Nos últimos anos, o departamento registou vários sucessos. Mas ninguém sabe ao certo quantas raparigas são traficadas para a Europa. Alguns passadores recorrem a métodos particularmente pérfidos. Antes da viagem, as jovens têm que se submeter a um ritual de juju. Trata-se de uma espécie de magia negra muito comum no sul da Nigéria. Também Mary passou pelo ritual, durante o qual teve que comer uma papa de cereais misturada com aparas das suas unhas e alguns cabelos, ao que se seguiu uma fórmula mágica. O feiticeiro ameaçou com consequências terríveis, caso ela falasse sobre a viagem.
É um método que dá bons resultados, diz Roland Nwoha, da organização “Ida Renaissance”, que se ocupa das jovens que regressam da Europa. Nwoha explica:
“Normalmente a magia basta para controlar as jovens. Na Ásia e na Europa do Leste é necessário pagar a guardas para vigiarem as mulheres. Aqui não”.
Uma crença que atrapalha as investigações
O medo do feitiço é muito grande. Ninguém fala voluntariamente à polícia ou ao juiz, nem mesmo quando os traficantes estão na prisão. Por isso os investigadores trabalham com truques. As jovens que regressam da Europa são levadas novamente a um feiticeiro, para desfazer o feitiço. Mary acaba de se submeter a mais esse riual, ela garante que se sente melhor e está certa de uma coisa: o passador clandestino não a incomodará mais.

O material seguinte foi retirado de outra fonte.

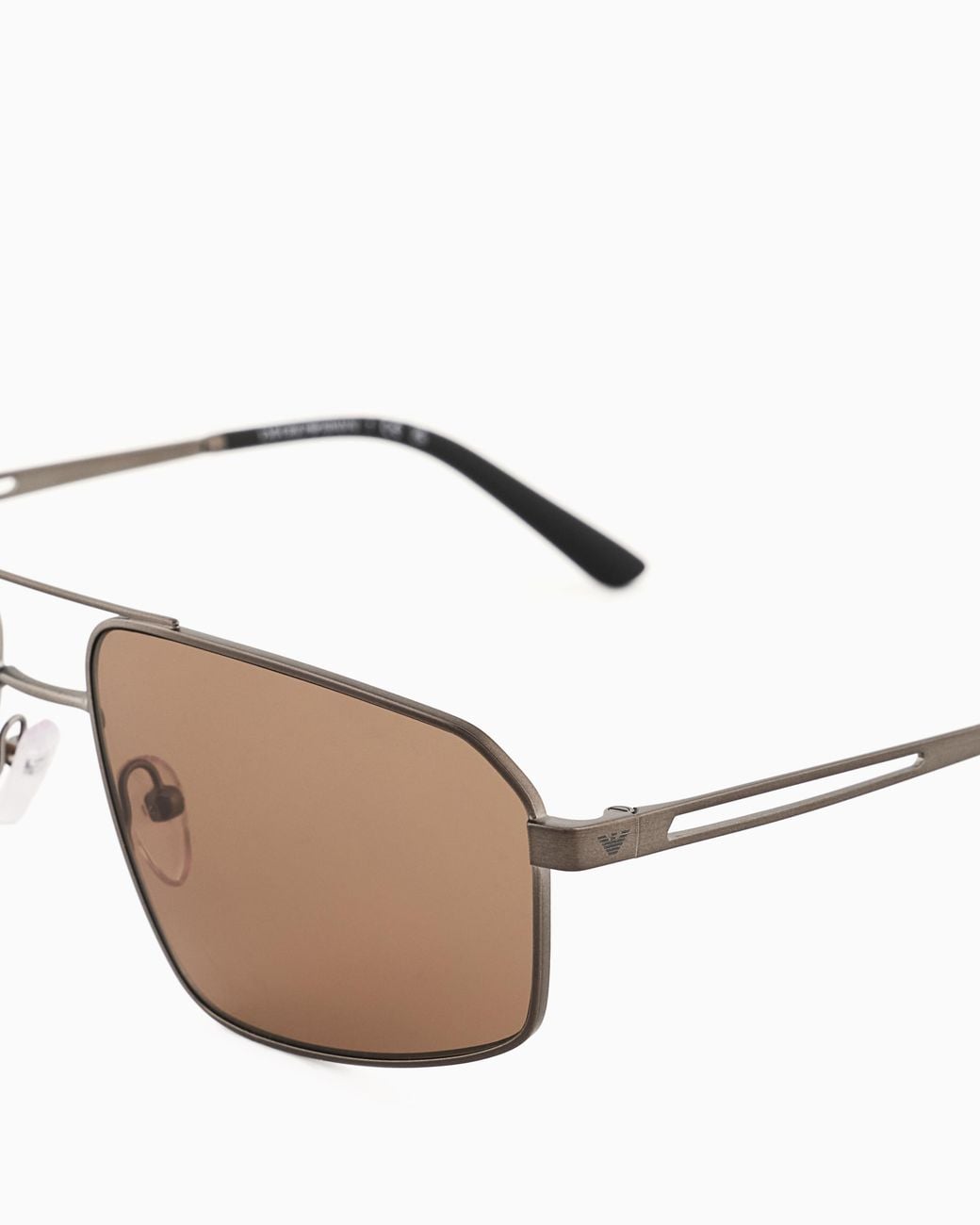 Emporio Armani White Aviator Sunglasses for men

Porém, Mary não sabe qual vai ser o seu futuro, nem onde vai viver. Gostaria de regressar à escola e terminar o liceu. Entretanto estas jovens estão estigmatizadas. Roland Nwoha explica que outras têm sucesso no exterior, mas estas mulheres regressam de mãos vazias. Para a família elas são umas fracassadas e mais um fardo. Muitas vezes as famílias venderam os seus pertences para financiar a viagem para a Europa.
Para além da má experiência na tentativa de realizar um sonho, o drama destas mulheres termina com um peso de consciência. Roland Nwoha da "Ida Renaissance" diz: "As jovens que regressam sem nada ainda por cima têm má consciência porque causaram a perda de propriedade da família”.